If a person discovers an individual wants to harm themselves, Kerr said one of the best options is insure the person that they are not alone in facing the problem and encourage them to seek help.

“The best way to approach someone who is in this situation is to reach out, establish support and connect the person with resources (ER, police, mental health professional). The most important thing is safety of the person in crisis.  Never leave the person alone and be open about talking to the person about how they are feeling,” Kerr said.

Zoet said the moment an individual is suicidal with the intent to go through with the act, the situation becomes an emergency. He said it may be helpful to have a conversation with the individual to calm them down, but no one should be expected to do the heavy lifting unless qualified. In a situation like this, people should notify the appropriate resource.

“Those resources and responses vary based on the circumstance, but a good rule of thumb is to always know that you can call 911 if you have reason to believe that somebody is in imminent danger or risk of killing themselves,” Zoet said. “On campus this would likely mean involving housing personnel if they’re a residential student, walking them to the counseling center or calling the MSU police. Off campus this would mean calling 911.”

head in hands
According to the World Health Organization, every year in the United States, approximately 1,100 college students between the ages of 18-24 commit suicide and nearly 24,000 attempt it, Feb. 11. (Bridget Reilly)

AFTER: Check-In

Once someone is on the other side of an attempt or the thoughts of, it is important not to assume they’re ok. What to say after someone has harmed themselves or attempted suicide is not often talked about. A person may think to themselves I want to check in on this person but I’m afraid to, so what do I say? Kerr said even though these questions may be difficult to ask, the most important step is to talk about changing this behavior.

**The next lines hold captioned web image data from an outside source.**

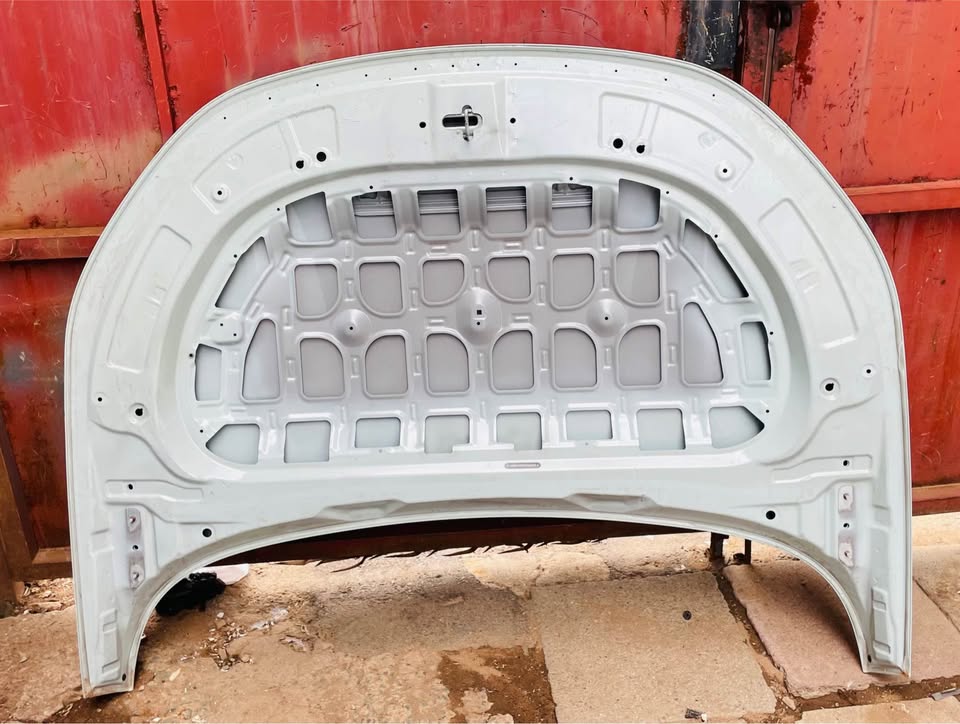 Chery Omoda C5 bonnet - Private Seller Chery Omoda C5 bonnet - Private Seller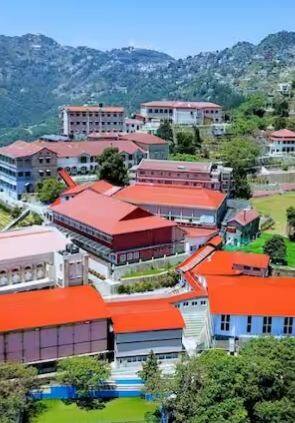 ਇਹ ਹਨ ਭਾਰਤ ਦੇ ਸਭ ਤੋਂ ਖੂਬਸੂਰਤ ਸਕੂਲ... ਕਿਸੇ ਮਹਿਲ ਤੋਂ ਘੱਟ ਨਹੀਂ ਹੈ ਇਨ੍ਹਾਂ ਦਾ ਡਿਜ਼ਾਈਨ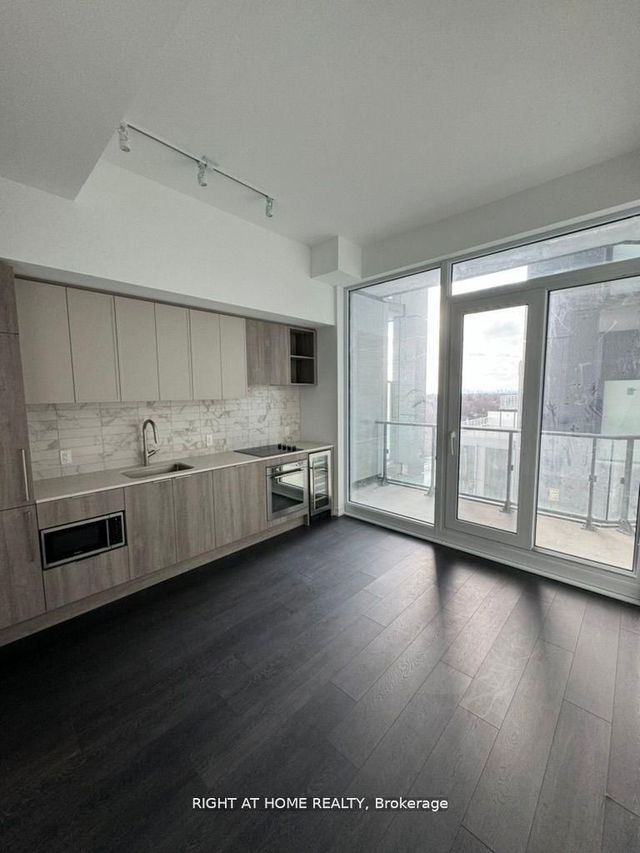 935 - 2020 Bathurst Street
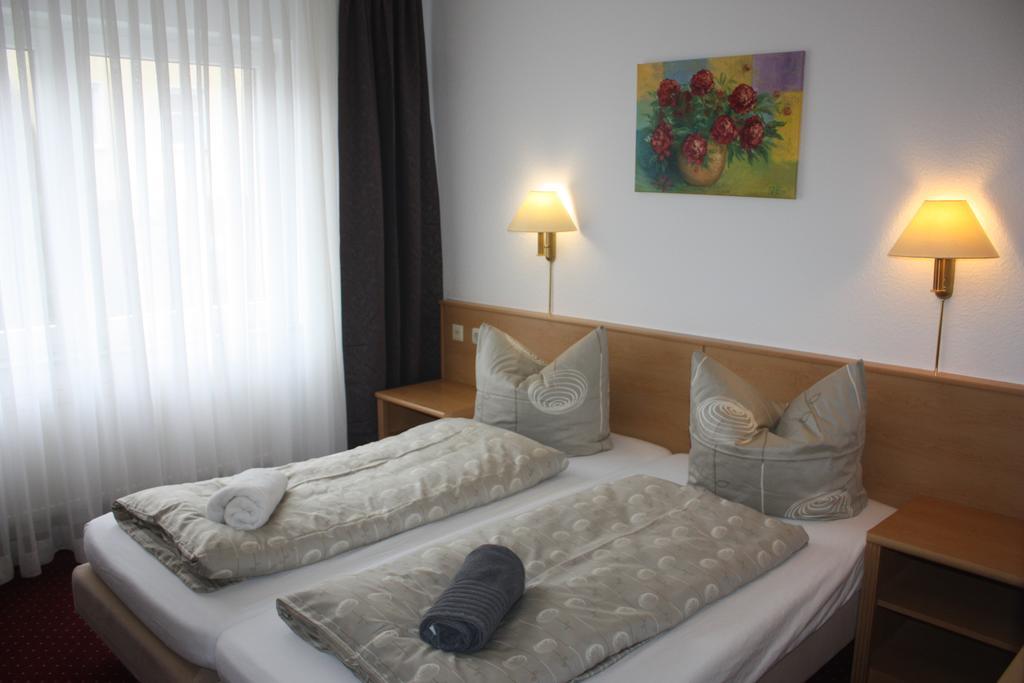 Landhotel Garni Am Muehlenwoerth Tauberbischofsheim Buitenkant foto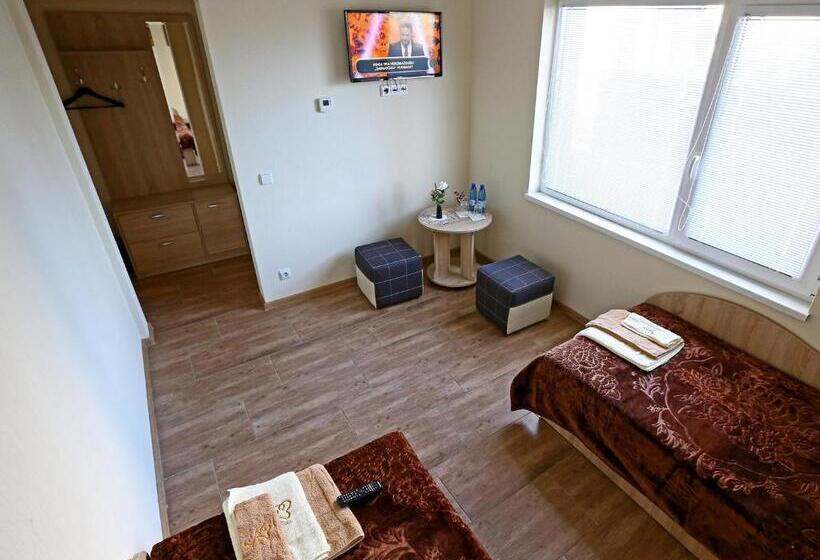 پانسیون Juro Guest House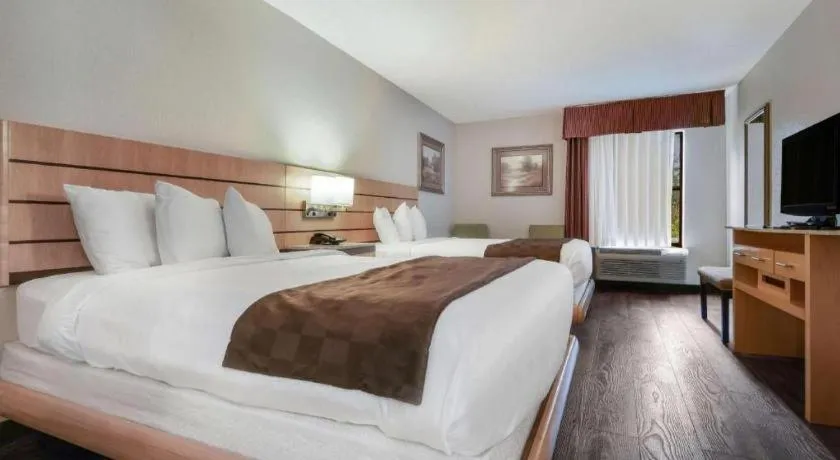 Bed in Surestay Plus Hotel Tarboro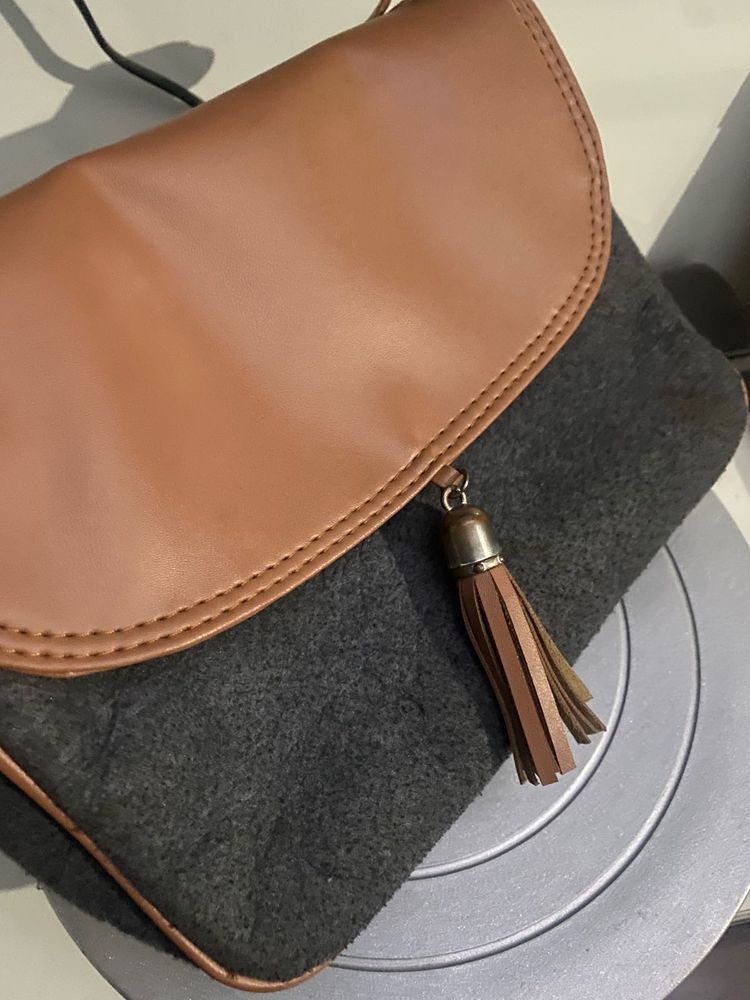 Stylish Crossbody Bag with Tassel Accent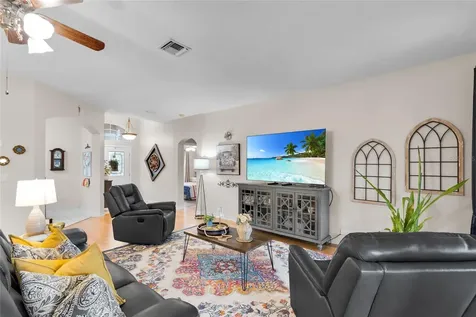 5138 Indian Ocean Loop Tavares FL 32778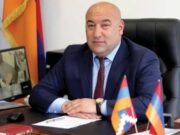 В доме мэра Каджарана в настоящее время идет обыск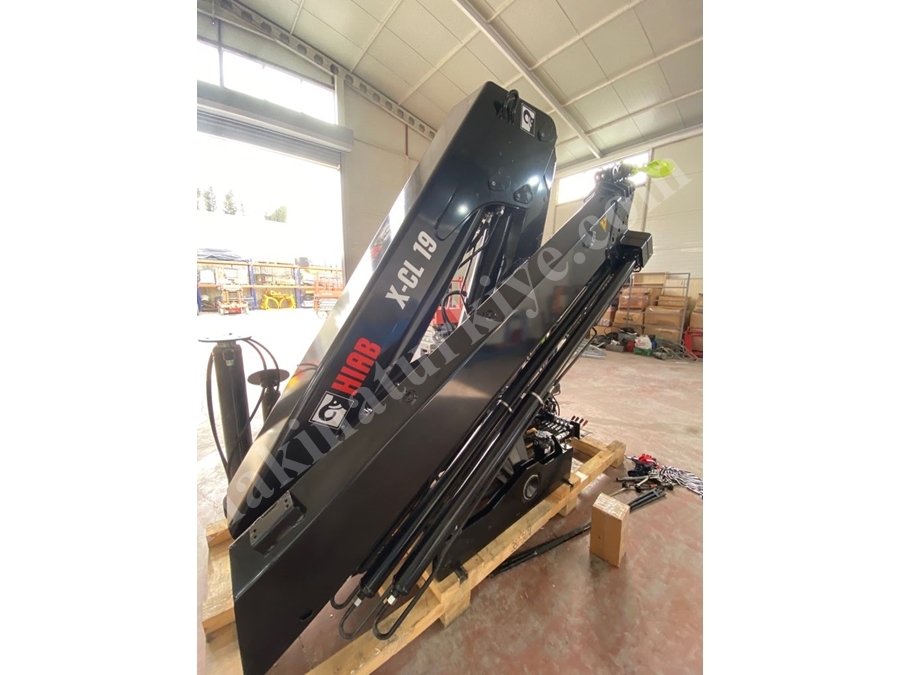 Hiab 4950 Kg Uzaktan Kumandalı Vinç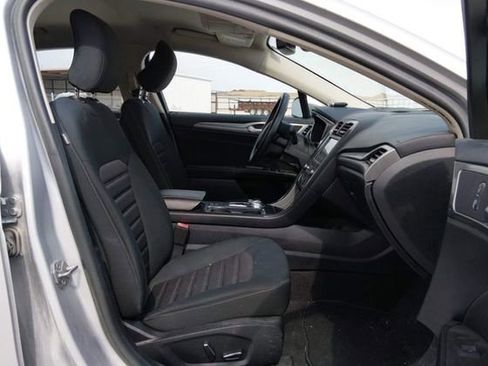 Used 2019 Ford Fusion SE FWD image 5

“Contrary to popular belief it is okay and even encouraged to ask the hard questions.  Ask them about their experience and find out how they are feeling now. Be the person who they can feel safe talking about this with and not feel as though they are being judged. The best thing we can do for someone is be a support and a safe place for them to talk about their feelings,” Kerr said.

Talking to someone who attempted suicide may be difficult, but Zoet said not to treat them as if they are grotesque or avoid the individual. He recommends familiarizing yourself with an individual’s warning signs and becoming comfortable with talking about whether someone is contemplating suicide.

“If every one of your friends or loved ones knows unambiguously that you’re a safe person to go to with these concerns or thoughts, then you’re creating a ripple across all of your relationships that’s insulating them from being alone with their struggling. Loneliness or the thought that we’ll be judged or not accepted for having suicidal thoughts is often what deters persons from reaching out when they most need to,” Zoet said. “Let the people in your life know through your actions and words that you’re safe to go to with these thoughts.”